From right, Executive Director, Operations, Nigerian Maritime Administration and Safety Agency (NIMASA), Mr Rotimi Fashakin; Special Adviser to the President on Niger Delta Affairs and Coordinator of the Amnesty Programme, Brigadier-General Paul Boroh (retd); Director-General, NIMASA, Dr Dakuku Peterside; Technical Assistant to the Coordinator of Amnesty Programme, Major Matti Abdul (retd) and the Executive Director, Maritime Labour and Cabotage Services, NIMASA, Mr Ahmed Gambo, during the visit of the Presidential Amnesty team to NIMASA, in Lagos.
The Nigerian Maritime Administration and Safety Agency (NIMASA) has pledged support for the Presidential Amnesty Programme, aimed at ensuring proper rehabilitation and reintegration of the ex-agitators in the Niger Delta Region, towards achieving a safe and secure maritime industry and the economy as a whole.

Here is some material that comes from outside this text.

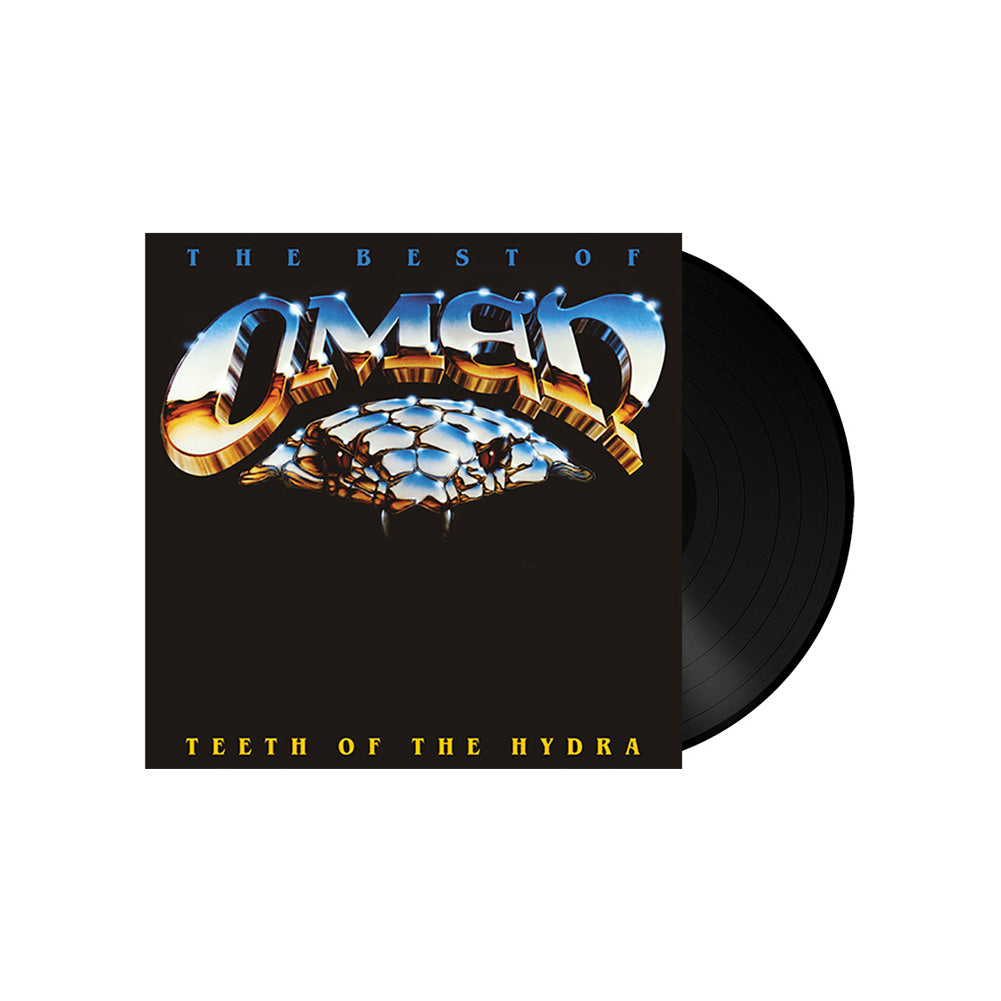 Omen (Teeth of the Hydra) Black Vinyl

The Director-General of NIMASA, Dr Dakuku Petersider, gave this assurance when the Special Adviser to the President on Niger Delta and Coordinator of the Presidential Amnesty Programme, Brigadier-General Paul Boroh (retd)and his team paid a courtesy visit to the Head Office of the Agency in Lagos.

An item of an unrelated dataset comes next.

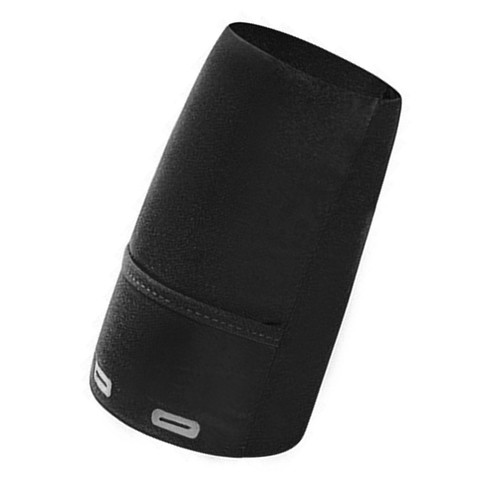 BLACK L Phone Arm Band Gym Phone Holder Phone Arm Case Running Band For Run BT - Photo 3 sur 9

He stated that NIMASA and the Amnesty programme are strategic partners in ensuring lasting peace in the Niger Delta region.
While noting that the Presidential Amnesty programme and NIMASA are jointly in pursuit of maritime security within the Niger Delta belt, without which shipping activities cannot thrive; the Director-General stated that the core mandate of both governmental bodies is to ensure that the young men and women who were agitating are rehabilitated into the society and reintegrated as a way of ensuring that we have relative security within that region.

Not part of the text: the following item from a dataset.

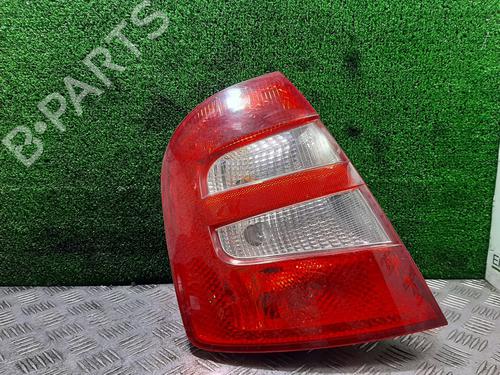 Used Left taillight SKODA FABIA I (6Y2) [1999-2008]  24418162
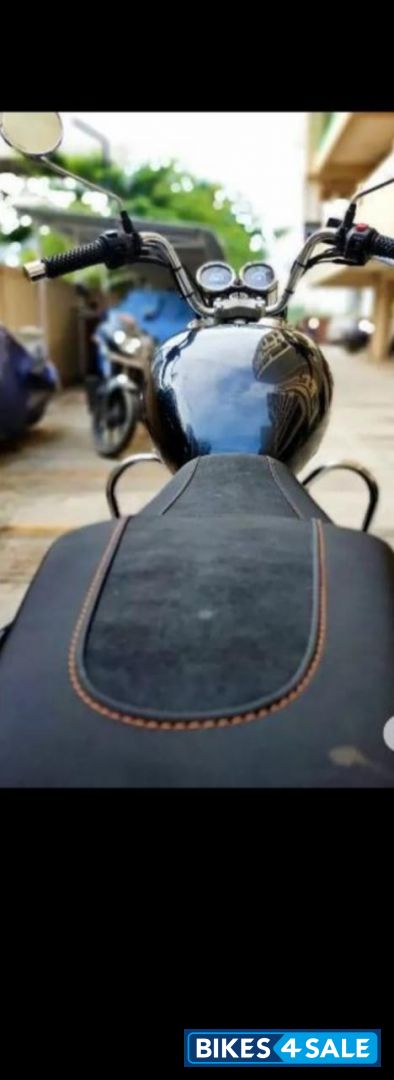 Royal Enfield Thunderbird 350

According to him, “you are contributing to the growth of our economy by ensuring that there is peace in the Niger Delta; when there is peace in the Niger Delta, we will increase oil production, we will contribute more revenue to the purse and we can do more development efforts.
“For us, working in maritime means that we will support the oil and gas industry, which is for now the mainstay of our economy; we have the capacity to diversify, but we need the resources from oil and gas to diversify into other areas, that is why we need peace in the Niger Delta, so we truly have common mandate in many areas.
“I truly welcome the idea of a strategic partnership and collaborative efforts in many directions,” the DG said.
Dr Peterside also said the Agency would set up a special desk to look at young men and women in the amnesty programme, with a view to creating opportunities for them to apply the skills they acquired in the maritime industry.
Earlier in his address, the Special Adviser to the President on Niger Delta and Coordinator of the Presidential Amnesty Programme, Brigadier- General Paul Boroh(retd) called for a collaborative effort in the resettlement and reintegration of the ex-agitators in the Niger Delta Region, noting that it would foster the growth and development of the economy.
He stated that a number of them had gone through various courses relating to the maritime industry, and appealed to the agency to assist in engaging them, so that they could reintegrate into the society and lead lives.